SOURCE MATERIAL:
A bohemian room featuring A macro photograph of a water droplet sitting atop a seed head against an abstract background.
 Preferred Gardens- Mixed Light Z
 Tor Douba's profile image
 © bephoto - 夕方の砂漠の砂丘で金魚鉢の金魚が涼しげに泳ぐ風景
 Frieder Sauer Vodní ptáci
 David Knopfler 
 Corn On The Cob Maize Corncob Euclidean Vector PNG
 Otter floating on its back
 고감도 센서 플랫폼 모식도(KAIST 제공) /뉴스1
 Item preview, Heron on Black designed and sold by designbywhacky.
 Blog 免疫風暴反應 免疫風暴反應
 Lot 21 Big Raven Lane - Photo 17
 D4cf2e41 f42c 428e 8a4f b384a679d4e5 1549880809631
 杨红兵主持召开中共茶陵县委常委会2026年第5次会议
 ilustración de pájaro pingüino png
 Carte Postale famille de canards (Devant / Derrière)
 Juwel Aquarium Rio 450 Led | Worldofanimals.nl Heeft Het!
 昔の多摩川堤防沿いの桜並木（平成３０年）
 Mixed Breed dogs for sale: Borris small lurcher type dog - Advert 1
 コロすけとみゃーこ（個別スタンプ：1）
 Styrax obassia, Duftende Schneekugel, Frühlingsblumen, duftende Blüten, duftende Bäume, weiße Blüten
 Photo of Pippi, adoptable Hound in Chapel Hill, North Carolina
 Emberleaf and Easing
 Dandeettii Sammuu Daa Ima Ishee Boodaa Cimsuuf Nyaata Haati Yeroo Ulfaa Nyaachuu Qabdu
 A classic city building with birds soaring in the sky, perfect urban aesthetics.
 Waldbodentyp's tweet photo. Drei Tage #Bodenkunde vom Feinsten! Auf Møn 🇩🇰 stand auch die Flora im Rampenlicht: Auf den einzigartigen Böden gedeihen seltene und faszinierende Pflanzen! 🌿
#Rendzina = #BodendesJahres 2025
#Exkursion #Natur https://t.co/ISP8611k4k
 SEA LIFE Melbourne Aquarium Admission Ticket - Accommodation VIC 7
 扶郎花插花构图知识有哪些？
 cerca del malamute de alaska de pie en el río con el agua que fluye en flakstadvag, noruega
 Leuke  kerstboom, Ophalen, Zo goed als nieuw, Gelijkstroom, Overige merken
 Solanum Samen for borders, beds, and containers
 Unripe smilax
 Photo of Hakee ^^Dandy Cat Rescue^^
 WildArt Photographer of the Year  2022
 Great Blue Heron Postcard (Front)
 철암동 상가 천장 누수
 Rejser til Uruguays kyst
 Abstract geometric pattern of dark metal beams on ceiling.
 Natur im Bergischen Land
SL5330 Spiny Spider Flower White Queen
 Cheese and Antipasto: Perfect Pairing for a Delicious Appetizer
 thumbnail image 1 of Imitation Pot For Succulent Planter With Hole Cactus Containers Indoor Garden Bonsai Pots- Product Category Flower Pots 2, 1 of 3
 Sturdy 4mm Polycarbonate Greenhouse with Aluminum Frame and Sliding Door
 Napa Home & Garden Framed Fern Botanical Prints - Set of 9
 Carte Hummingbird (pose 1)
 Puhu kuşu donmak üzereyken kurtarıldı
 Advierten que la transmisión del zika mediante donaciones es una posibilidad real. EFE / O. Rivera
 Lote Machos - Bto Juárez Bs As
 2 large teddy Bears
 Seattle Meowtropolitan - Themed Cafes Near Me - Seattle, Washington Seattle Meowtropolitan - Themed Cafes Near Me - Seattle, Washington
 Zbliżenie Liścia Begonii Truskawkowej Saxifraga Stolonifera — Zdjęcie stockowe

EXERCISE GOAL:
To complete this exercise, set down every line above exactly once more.

RESULT OF THE TASK:
A bohemian room featuring A macro photograph of a water droplet sitting atop a seed head against an abstract background.
 Preferred Gardens- Mixed Light Z
 Tor Douba's profile image
 © bephoto - 夕方の砂漠の砂丘で金魚鉢の金魚が涼しげに泳ぐ風景
 Frieder Sauer Vodní ptáci
 David Knopfler 
 Corn On The Cob Maize Corncob Euclidean Vector PNG
 Otter floating on its back
 고감도 센서 플랫폼 모식도(KAIST 제공) /뉴스1
 Item preview, Heron on Black designed and sold by designbywhacky.
 Blog 免疫風暴反應 免疫風暴反應
 Lot 21 Big Raven Lane - Photo 17
 D4cf2e41 f42c 428e 8a4f b384a679d4e5 1549880809631
 杨红兵主持召开中共茶陵县委常委会2026年第5次会议
 ilustración de pájaro pingüino png
 Carte Postale famille de canards (Devant / Derrière)
 Juwel Aquarium Rio 450 Led | Worldofanimals.nl Heeft Het!
 昔の多摩川堤防沿いの桜並木（平成３０年）
 Mixed Breed dogs for sale: Borris small lurcher type dog - Advert 1
 コロすけとみゃーこ（個別スタンプ：1）
 Styrax obassia, Duftende Schneekugel, Frühlingsblumen, duftende Blüten, duftende Bäume, weiße Blüten
 Photo of Pippi, adoptable Hound in Chapel Hill, North Carolina
 Emberleaf and Easing
 Dandeettii Sammuu Daa Ima Ishee Boodaa Cimsuuf Nyaata Haati Yeroo Ulfaa Nyaachuu Qabdu
 A classic city building with birds soaring in the sky, perfect urban aesthetics.
 Waldbodentyp's tweet photo. Drei Tage #Bodenkunde vom Feinsten! Auf Møn 🇩🇰 stand auch die Flora im Rampenlicht: Auf den einzigartigen Böden gedeihen seltene und faszinierende Pflanzen! 🌿
#Rendzina = #BodendesJahres 2025
#Exkursion #Natur https://t.co/ISP8611k4k
 SEA LIFE Melbourne Aquarium Admission Ticket - Accommodation VIC 7
 扶郎花插花构图知识有哪些？
 cerca del malamute de alaska de pie en el río con el agua que fluye en flakstadvag, noruega
 Leuke  kerstboom, Ophalen, Zo goed als nieuw, Gelijkstroom, Overige merken
 Solanum Samen for borders, beds, and containers
 Unripe smilax
 Photo of Hakee ^^Dandy Cat Rescue^^
 WildArt Photographer of the Year  2022
 Great Blue Heron Postcard (Front)
 철암동 상가 천장 누수
 Rejser til Uruguays kyst
 Abstract geometric pattern of dark metal beams on ceiling.
 Natur im Bergischen Land
SL5330 Spiny Spider Flower White Queen
 Cheese and Antipasto: Perfect Pairing for a Delicious Appetizer
 thumbnail image 1 of Imitation Pot For Succulent Planter With Hole Cactus Containers Indoor Garden Bonsai Pots- Product Category Flower Pots 2, 1 of 3
 Sturdy 4mm Polycarbonate Greenhouse with Aluminum Frame and Sliding Door
 Napa Home & Garden Framed Fern Botanical Prints - Set of 9
 Carte Hummingbird (pose 1)
 Puhu kuşu donmak üzereyken kurtarıldı
 Advierten que la transmisión del zika mediante donaciones es una posibilidad real. EFE / O. Rivera
 Lote Machos - Bto Juárez Bs As
 2 large teddy Bears
 Seattle Meowtropolitan - Themed Cafes Near Me - Seattle, Washington Seattle Meowtropolitan - Themed Cafes Near Me - Seattle, Washington
 Zbliżenie Liścia Begonii Truskawkowej Saxifraga Stolonifera — Zdjęcie stockowe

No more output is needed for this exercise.